Setelah menyelesaikan studi di Al-Azhar pada tahun 1877
dengan gelar alim, Abduh mulai mengajar di Al-Azhar, di Dar Al-Ulum dan
dirumahnya sendiri. Ketika Al-Afghani diusir dari Mesir pada tahun 1879 karena
dituduh melakukan gerakan perlawanan terhadap Khedewi Tufiq, Abduh juga dituduh
ikut campur didalamnya. Ia dubuang keluar kota
kairo. Namun, pada tahun 1880, ia diperbolehkan kembali ke ibu kota ,
kemudian diangkat menjadi redaktur surat
kabar resmi pemerintahan Mesir, Al-Waqa’i Al-Mishiriyyah. Pada waktu itu
kesadaran nasiaonal Mesir mulai tampak dan dibawah pimpinan Abduh, surat kabar resmi itu memuat
artikel-artikel tentang urgenitas nasional Mesir, disamping berita-berita
resmi.
Setelah Revolusi Urabi 1882 (yang berakhir dengan
kegagalan), Abduh-Ketika itu masih memimpin surat kabar Al-Waqa’i- dituduh terlibat dalam
revolusi besar tersebut sehingga pemerintah Mesir memutuskan untuk -
mengasingkannya selam tiga tahundengan memberi hak
kepadanya untuk memilih tempat pengasingannya, dan Abdul memilih Suriah.
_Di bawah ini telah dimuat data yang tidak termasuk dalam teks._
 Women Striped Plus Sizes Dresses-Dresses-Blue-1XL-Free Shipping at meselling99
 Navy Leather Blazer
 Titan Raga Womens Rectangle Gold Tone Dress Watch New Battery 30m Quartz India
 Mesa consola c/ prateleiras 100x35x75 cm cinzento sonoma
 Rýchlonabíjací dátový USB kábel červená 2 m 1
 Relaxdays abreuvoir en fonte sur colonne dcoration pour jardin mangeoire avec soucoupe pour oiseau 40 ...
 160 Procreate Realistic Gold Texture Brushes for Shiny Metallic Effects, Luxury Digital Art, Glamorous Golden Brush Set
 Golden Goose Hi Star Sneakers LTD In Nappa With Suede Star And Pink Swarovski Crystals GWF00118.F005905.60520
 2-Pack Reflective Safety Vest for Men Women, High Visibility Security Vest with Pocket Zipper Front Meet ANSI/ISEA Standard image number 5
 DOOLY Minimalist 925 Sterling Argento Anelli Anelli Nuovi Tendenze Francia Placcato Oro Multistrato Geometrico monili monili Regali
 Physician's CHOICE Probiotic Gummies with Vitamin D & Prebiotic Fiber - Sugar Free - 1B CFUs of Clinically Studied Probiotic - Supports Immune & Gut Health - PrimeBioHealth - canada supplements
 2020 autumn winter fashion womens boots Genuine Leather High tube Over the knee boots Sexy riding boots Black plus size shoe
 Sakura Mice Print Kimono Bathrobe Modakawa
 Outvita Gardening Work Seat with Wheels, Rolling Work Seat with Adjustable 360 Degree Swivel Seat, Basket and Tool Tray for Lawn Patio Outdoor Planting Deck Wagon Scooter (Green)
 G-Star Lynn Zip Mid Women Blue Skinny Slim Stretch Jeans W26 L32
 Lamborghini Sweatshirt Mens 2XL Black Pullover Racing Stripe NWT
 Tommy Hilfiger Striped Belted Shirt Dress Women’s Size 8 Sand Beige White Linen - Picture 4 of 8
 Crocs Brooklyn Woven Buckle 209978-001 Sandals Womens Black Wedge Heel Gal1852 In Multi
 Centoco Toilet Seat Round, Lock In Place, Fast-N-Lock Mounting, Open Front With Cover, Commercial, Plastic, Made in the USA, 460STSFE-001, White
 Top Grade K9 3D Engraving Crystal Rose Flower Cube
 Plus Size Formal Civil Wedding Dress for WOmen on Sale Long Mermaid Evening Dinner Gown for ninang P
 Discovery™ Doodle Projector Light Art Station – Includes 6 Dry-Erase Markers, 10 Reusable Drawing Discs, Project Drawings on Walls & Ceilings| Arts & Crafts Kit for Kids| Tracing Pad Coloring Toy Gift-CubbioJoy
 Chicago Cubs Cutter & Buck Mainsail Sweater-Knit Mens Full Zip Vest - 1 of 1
Di
negeri ini, ia menetap selama setahun. Kemudian ia menyusul gurunya,
Al-Afghani, yang ketika itu ia berada diparis. Diasana mereka menerbitkan surat
kabar Al-Urwah Al-Wutsqa, yang bertujuan mendirikan Pen-Islam menentang
penjajahan Barat, Tahun 1885, Abduh diutus oleh surat kabar termasuk keinggris
untuk menemui tokoh-tokoh Negara itu yang bersimpati kepada rakyat Mesir. Tahun
1899, Abduh diangkat menjadi Mufti Mesir. Kedudukan tinggi itu dipegangnya
sampai ia meninggal dunia tahun 1905.
·
Pemikiran-pemikiran Kalam Muhammad Abduh
a.
Kedudukan
akal dan fungsi wahyu
ada dua persoalan pokok yang menjadi focus utama
pemikiran Abduh, sebagaimana diakuinya sendiri, yaitu:
1.
Membebaskan
akal pemikiran dari belenggu-belenggu taqlid yang menghambat perkembangan
pengetahuan agama sebagai mana haknya salaf al-ummah (ulama sebelum abad ke-3
Hijriah), sebelum timbulnya perpecahan yakni memahami langsung dari sumber
pokoknya, Al-Qur’an.
2.
Memperbaiki
gaya bahasa Arab, baik yang digunakan dalam
percakapan resmi dikantor-kantor pemerintahan maupun dalam tulisan-tulisan
media massa .
Dua persoalan pokok itu muncul ketika ia meratapi
perkembangan umat islam pada masanya. Sebagaimana dijelaskan Sayyid Qutub,
kondisi umat islam saat ini dapat digambarkan sebagian “suatu masyarakat yang
beku, kaku, menutup rapat-rapt pintu ijtihad, mengabaikan peranan akal dalam
memahami syari’at Allah atau meng-istibnat-kan hokum-hukum, karena mereka
telah merasa cukup dengan hasil karya pendahulunya yang juga hidup dalam masa
kebekuan akal (jumud) serta yang berdasarkan khurafat-khurafat.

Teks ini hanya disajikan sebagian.